An eligible former spouse is responsible for payment of cost-sharing amounts
identical to those required for beneficiaries other than ADFMs.
1.3.3.9 Cost-Share
Amount: Under Discounted Rate Agreements
Under
managed care, where there is a negotiated (discounted) rate agreed
to by the network provider, the cost-share shall be based on the
following:
1.3.3.9.1 For non-institutional providers providing outpatient
care, and for institution-based professional providers rendering
both inpatient and outpatient care; the cost-share (20%) for outpatient
care to ADFMs, 25% for care to all others) shall be applied to (after
duplicates and noncovered charges are eliminated), the lowest of
the billed charge, the prevailing charge, the maximum allowable
prevailing charge (the Medicare Economic Index (MEI) adjusted prevailing),
or the negotiated (discounted) charge.
1.3.3.9.2 For institutional
providers subject to the DRG-based reimbursement methodology, the cost-share
for beneficiaries other than ADFMs shall be the LOWER OF EITHER:
• The
single, specific per diem supplied by DHA after the application
of the agreed upon discount rate; OR
• Twenty-five percent
(25%) of the billed charge.
1.3.3.9.3 For institutional
providers subject to the Mental Health Per Diem Payment System (high volume
hospitals and units), the cost-share for beneficiaries other than
ADFMs shall be 25% of the hospital per diem amount after it has
been adjusted by the discount.
1.3.3.9.4 For institutional
providers subject to the Mental Health per diem payment system (low volume
hospitals and units), the cost-share for beneficiaries other than
ADFMs shall be the LOWER OF EITHER:
• The fixed daily amount
supplied by DHA after the application of the agreed upon discount
rate; OR
• Twenty-five
percent (25%) of the billed charge.
1.3.3.9.5 For RTCs,
the cost-share for other than ADFMs shall be 25% of the TRICARE
rate after it has been adjusted by the discount.
1.3.3.9.6 For institutions
and for institutional services being reimbursed on the basis of
the TRICARE-determined reasonable costs, the cost-share for beneficiaries
other than ADFMs shall be 25% of the allowable billed charges after
it has been adjusted by the discount.
Note: For all inpatient
care for ADFMs, the cost-share shall continue to be either the daily
charge or $25 per stay, whichever is higher.
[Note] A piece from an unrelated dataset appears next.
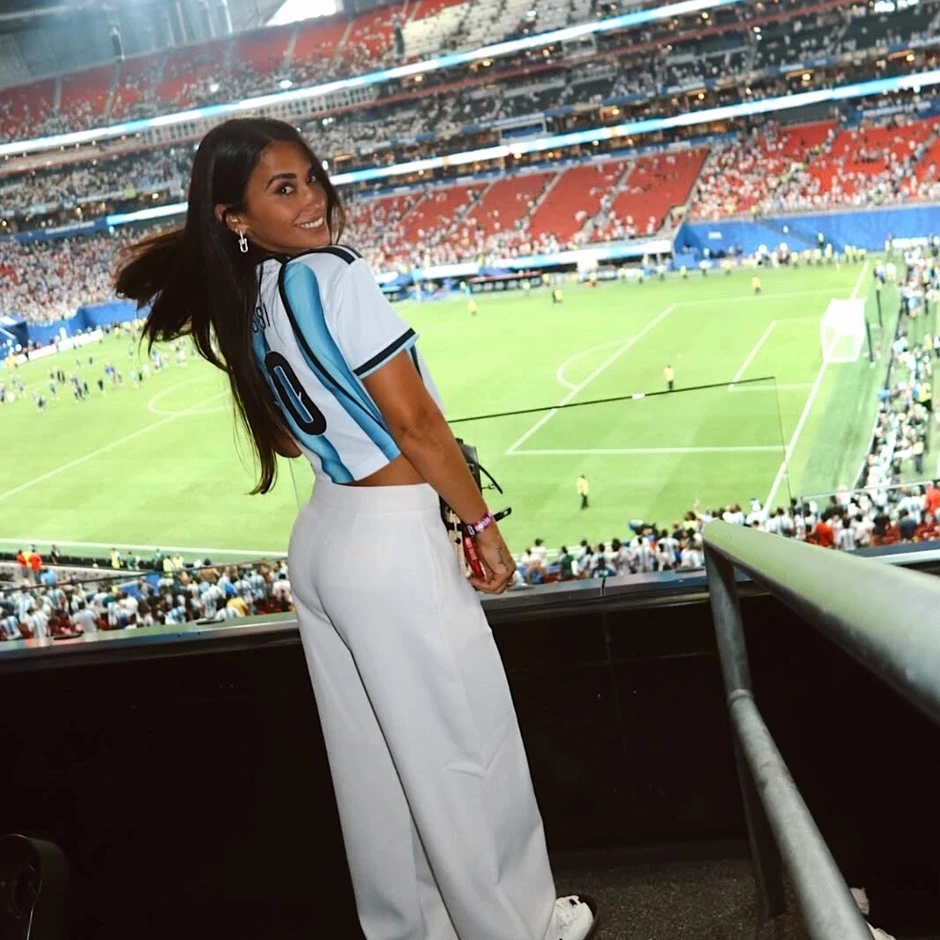 Vợ Messi bật khóc khi Argentina ngược dòng vào chung kết World Cup Vợ Messi bật khóc khi Argentina ngược dòng vào chung kết World Cup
There is no change
to the requirement for the ADFM’s cost-share to be applied to the
institutional charges for inpatient services. If the contractor
learns that the participating provider has billed a beneficiary
for a greater cost-share amount, based on the provider’s usual billed
charges, the contractor shall notify the provider that such an action
is a violation of the provider’s signed agreement. (Also see
paragraph 1.3.3.4.)
For Prime ADFMs, the cost-share is $0 for care provided on or after
April 1, 2001.
1.3.3.10
Preventive
Services
1.3.3.10.1 No copayments
or authorizations are required for the following preventive services
as described in the TPM,
Chapter 7, Sections 2.1 and
2.5:
1.3.3.10.1.1 Colorectal
cancer screening.
1.3.3.10.1.2 Breast
cancer screening.
1.3.3.10.1.3 Cervical
cancer screening.
1.3.3.10.1.4 Prostate
cancer screening.
1.3.3.10.1.5 Immunizations.
1.3.3.10.1.6 Well-child
visits for children under six years of age.
1.3.3.10.2 In addition
to the services listed in
paragraph 1.3.3.10.1, effective January 1,
2017, cost-shares are eliminated for the services listed in the
TPM,
Chapter 7, Section 2.1, paragraphs 1.1.1.1.2 and
1.1.5.1 through
1.1.5.12. Effective
January 1, 2018, cost-shares are eliminated for the services listed
in the TPM,
Chapter 7, Section 2.1, paragraph 1.1.5.13.
1.3.3.10.3 A beneficiary
is not required to pay any portion of the cost of these preventive
services even if the beneficiary has not satisfied the deductible
for that year.
1.3.3.10.4 This waiver
does not apply to any TRICARE beneficiary who is a Medicare-eligible beneficiary.